The elections for European Parliament on June 7 were considered a rehearsal to the general elections a month later. GERB won a moderate majority of 6 percent ahead of the Socialists after an expected relatively low turnout of 38 percent. GERB is a young party with small inner nucleus of hard core supporters and a large periphery of potential voters. On the other hand, the Socialists enjoy relatively wide hard-core support and almost no potential in the periphery. Low turnout grants privileges to the Socialists’ electoral record. The results of the European elections were considered promising for the Triple Coalition’s chances to remain in office in a redesigned formula of power sharing: GERB would be a moderate winner at the general elections again and would need the support of at least 2 or 3 more parties in order to govern. Why not GERB with the Socialist Party and, maybe, the ethnic Turks’ Party?

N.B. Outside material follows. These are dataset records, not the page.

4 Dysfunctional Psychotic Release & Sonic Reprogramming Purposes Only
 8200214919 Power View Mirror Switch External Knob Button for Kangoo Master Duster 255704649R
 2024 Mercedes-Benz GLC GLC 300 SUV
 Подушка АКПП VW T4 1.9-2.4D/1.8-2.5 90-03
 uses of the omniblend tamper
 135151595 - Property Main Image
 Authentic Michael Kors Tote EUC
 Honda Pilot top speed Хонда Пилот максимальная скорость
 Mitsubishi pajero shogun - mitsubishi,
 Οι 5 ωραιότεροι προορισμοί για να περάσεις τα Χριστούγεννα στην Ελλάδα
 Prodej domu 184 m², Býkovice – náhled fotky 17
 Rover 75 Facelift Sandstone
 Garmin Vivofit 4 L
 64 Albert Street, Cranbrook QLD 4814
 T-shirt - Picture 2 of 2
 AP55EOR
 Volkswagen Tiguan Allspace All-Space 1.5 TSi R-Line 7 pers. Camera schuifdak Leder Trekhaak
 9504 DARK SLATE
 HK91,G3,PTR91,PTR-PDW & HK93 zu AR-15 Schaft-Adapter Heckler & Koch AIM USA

All those calculations, made in public, produced widespread despair among a growing number of citizens, heavily disappointed by the Triple Coalition’s government record. Expected electoral cheating and fraud, widely organized buying of votes, and pressure on voters, together with governing parties’ arrogance in re-claiming another mandate, enraged significant sections of Bulgarian society, in particular the urban middle class, which suffered most from widespread corruption and institutional inefficiency. There was only one option to counter the Socialists’ strategy to crawl back to power – a high turnout. Quite powerful awareness-raising campaigns by NGOs and oppositional parties made voting desirable and necessary for a growing number of citizens who felt disenfranchised with political disgust and despair after a number of disappointing electoral choices in the past. A wave of 2/3 of actual voters (the electoral lists are wider than the real number of voters in the country) swept away the triple formula of cheating the voters in favor of a small corporate structure — political minority at the top, organized around the status quo ex-Communist elites, both socialist and liberal.
This is why the impressive electoral score of GERB on July 5 is composed of two parts: first, supporters of GERB Party and its leader Borisov, and, second, newly enfranchised pessimists who voted for the most obvious alternative against the Triple Coalition status quo. This composition of electoral support for GERB unfolds both opportunities and strength, as well as potential weaknesses of this party in government. GERB holds a clear mandate for change and reform in the country. Yet the winners around Boyko Borisov will have to face severe challenges and limitations. First, the world financial crisis, which is just rushing on Bulgaria after having swept Europe’s west and north. Second, the government of GERB will have to face an urgent priority of reforming Bulgaria’s institutional system before regaining the benefits of the EU funds for the country. Third, B. Borisov and his team will have to deal with their relative inexperience of government in a time when urgent and punctual decisions will need to be made.